Recently Adopted and Recently Issued Accounting Standards
In November 2023, the FASB issued ASU 2023-07, Segment Reporting (Topic 280): Improvements to Reportable Segment Disclosures, which enhances prior reportable segment disclosure requirements in part by requiring entities to disclose significant expenses related to their reportable segments. The amendments in this ASU were effective on a retrospective basis for annual periods beginning after December 15, 2023 and interim periods within fiscal years beginning after December 15, 2024. The Company adopted the annual disclosure requirements of this ASU in the fourth quarter of 2024 and the interim disclosure requirements in the first quarter of 2025. The adoption of this ASU resulted in additional required disclosures, including the disclosure of certain expenses at the reportable segment level, described further in Note 16, “Business Segments”.
In December 2023, the FASB issued ASU 2023-09, Income Taxes (Topic 740): Improvements to Income Tax Disclosures, which requires disaggregated information about a reporting entity’s effective tax rate reconciliation as well as information on income taxes paid to enhance the transparency and decision usefulness of income tax disclosures. The amendments in this ASU are effective for annual periods beginning after December 15, 2024 on a prospective basis; however, retrospective application is permitted. The Company adopted this ASU on a prospective basis in the fourth quarter of 2025. The adoption of this ASU resulted in additional disclosure about the Company's effective tax rate reconciliation as well as income taxes paid.
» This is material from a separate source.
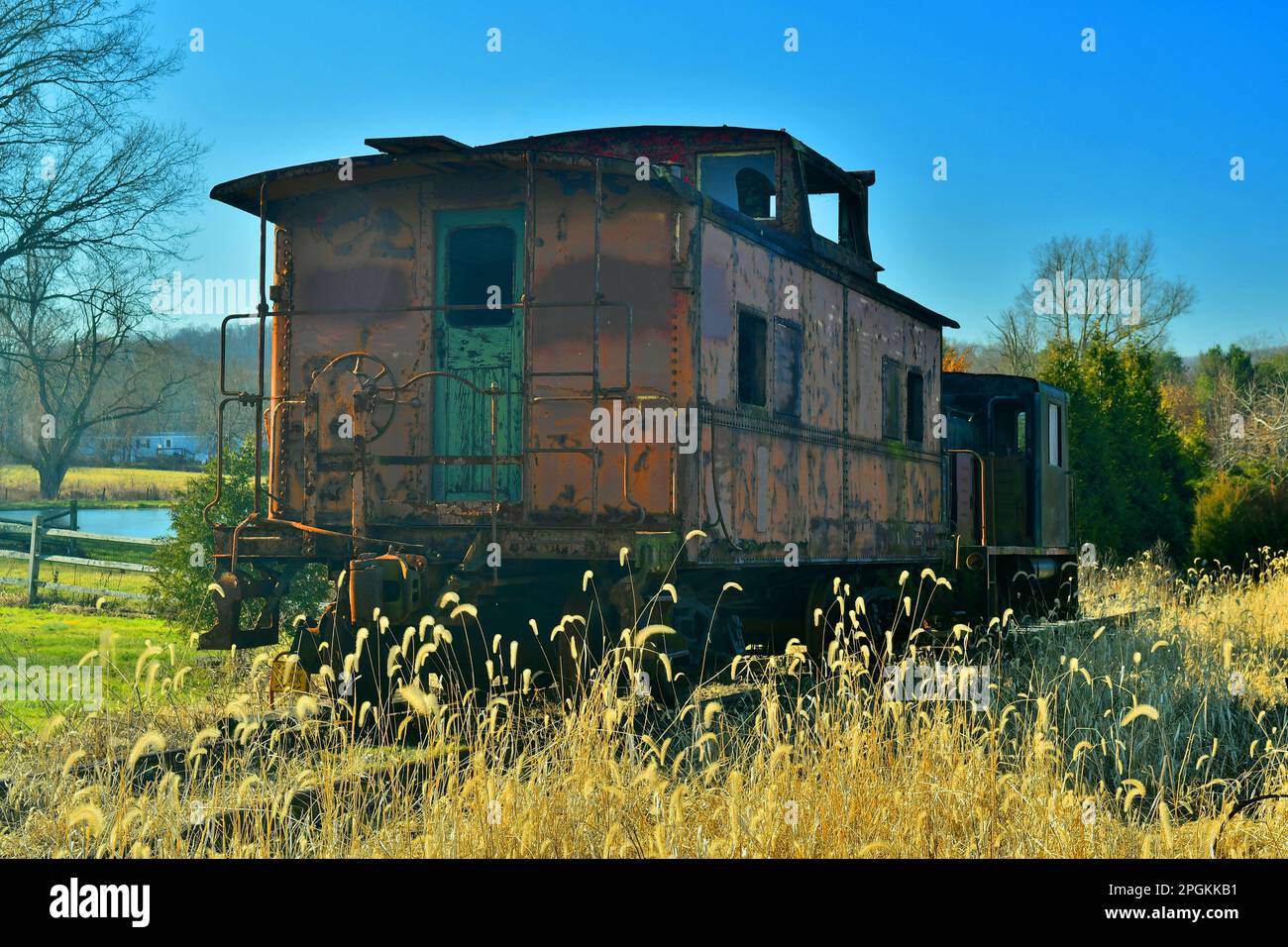 Raccolta del materiale rotabile ferroviario abbandonato Foto Stock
In November 2024, the FASB issued ASU 2024-03, Income Statement - Reporting Comprehensive Income - Expense Disaggregation Disclosures (Subtopic 220-40): Disaggregation of Income Statement Expenses, which is intended to enhance expense disclosures, primarily by requiring disclosure of disaggregated information about certain income statement expense line items on an annual and interim basis. The amendments in this ASU are effective for fiscal years beginning after December 15, 2026 and interim periods within fiscal years beginning after December 15, 2027. The amendments in this ASU should be applied prospectively; however, retrospective application is permitted. Management is currently evaluating the impact that this accounting standard will have on its consolidated financial statements and notes thereto.
In September 2025, the FASB issued ASU 2025-06, Intangibles - Goodwill and Other - Internal-Use Software (Subtopic 350-40): Targeted Improvements to the Accounting for Internal-Use Software, which is intended to modernize and simplify the guidance for capitalizing costs related to internal-use software by removing the stage-based approach and aligning the disclosure requirements with those for other long-lived assets. The amendments in this ASU are effective for annual periods beginning after December 15, 2027 and may be applied prospectively, retrospectively, or using a modified prospective approach. Early adoption is permitted. Management is currently evaluating the impact that this accounting standard will have on its consolidated financial statements and notes thereto.
Other pronouncements issued by the FASB or other authoritative accounting standards groups with future effective dates are either not applicable or are not expected to be significant to Wesco’s financial position, results of operations or cash flows.